Thomas Traherne, Meditation 28, set to music by James Whitbourn for my enthronement
Pope Francis ‘got it’ in his encyclical on the environment published in 2015, five months before the UN Climate Change summit in Paris: Laudato Si’, mi Signore, “Praise be to you, my Lord”, the opening words of the beautiful canticle by St Francis of Assisi.
The Pope’s letter was subtitle: ‘On Care For Our Common Home’. It was a letter written not just to Roman Catholics, not just to Christians, not just to people of faith but to everyone because we live together in the world, our common home. There is a wonderful play of the eco words: ecology, the creative word of the home, economy, the law of the home, and ecumenism, the resting place or room we inhabit in our common home. In caring for creation we will do it together or we will not do it all.
Global warming is happening at the rate of approximately 1 to 1.1 degrees C above pre-industrial levels. We human beings are a major cause of it. Sea levels are rising. The Arctic ice is melting. In Greenland ice is melting at the rate of three Olympic size swimming pools every second. Sea levels have risen by approximately 25 cms. We are experiencing more extreme weather events.
In the Foreword to the Archbishop of Canterbury’s Lent book, ‘Saying Yes to Life’ by Ruth Valerio (SPCK 2020, £9.99), Archbishop Justin quotes one of the Anglican Communion’s Primates: “For you Europeans, climate change is a problem for the future. For us, it is a problem of everyday survival.”
I quoted that in a speech at General Synod the week before last the Archdeacon of Calderdale said afterwards that it’s a problem where she lives now. Our former Dean, Bishop June, must be thinking the same from the Diocese of Llandaff in South Wales.
On Ash Wednesday we face our mortality. In a moment we will receive the sign of the cross in ash on our foreheads: “Remember you are dust and to dust you shall return” - and begin the annual opportunity given by Lent to, “Turn again from sin and be faithful to Christ”. It’s a time to re-establish for ourselves the patterns of prayer, study and Christian life that sustain us. Lent is less a burden than a time of joyful simplicity seeking to renew our relationships with God, one another and the whole of creation. Giving up or taking on things are not the purpose of Lent. As St Augustine said, “We come to God by love and not by navigation.”
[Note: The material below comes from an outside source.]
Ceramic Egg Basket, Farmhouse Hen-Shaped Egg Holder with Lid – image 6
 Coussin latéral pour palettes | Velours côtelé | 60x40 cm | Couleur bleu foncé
#LiveLent Care for God’s Creation. This year’s focus on the care of creation could not be more timely as we seek to use aright the gifts of God’s creation. Prayer begins with us consciously putting ourselves in the presence of God. Not that God is absent when we are not conscious but something different happens when we are. It earths us in what is real and helps ground us to live what we believe. Prayer makes the inner connections between belief and action, brings us back to live in love and gives us hope.
At General Synod one of the visitors from the Anglican Communion, an Archbishop said in a Bible study on 1 Peter, “It’s easy to get lost in a crisis”. In this tonight’s readings are very helpful. What makes for a proper understanding of sin and real repentance? How do we turn again to God? How do we discern real sin? In the Gospel, why did no one throw the first stone? Because they knew that in one way or another lived in the same house. Sin is our common home and so is repentance.
Lent is an opportunity to renew our relationships with God and one another and the planet; less about what we give up and more about what we take on, renewed by the disciplines and joys of Christian life. I hope we will have a holy and joyful Lent, Renewing Hope as we Pray, Serve, Grow.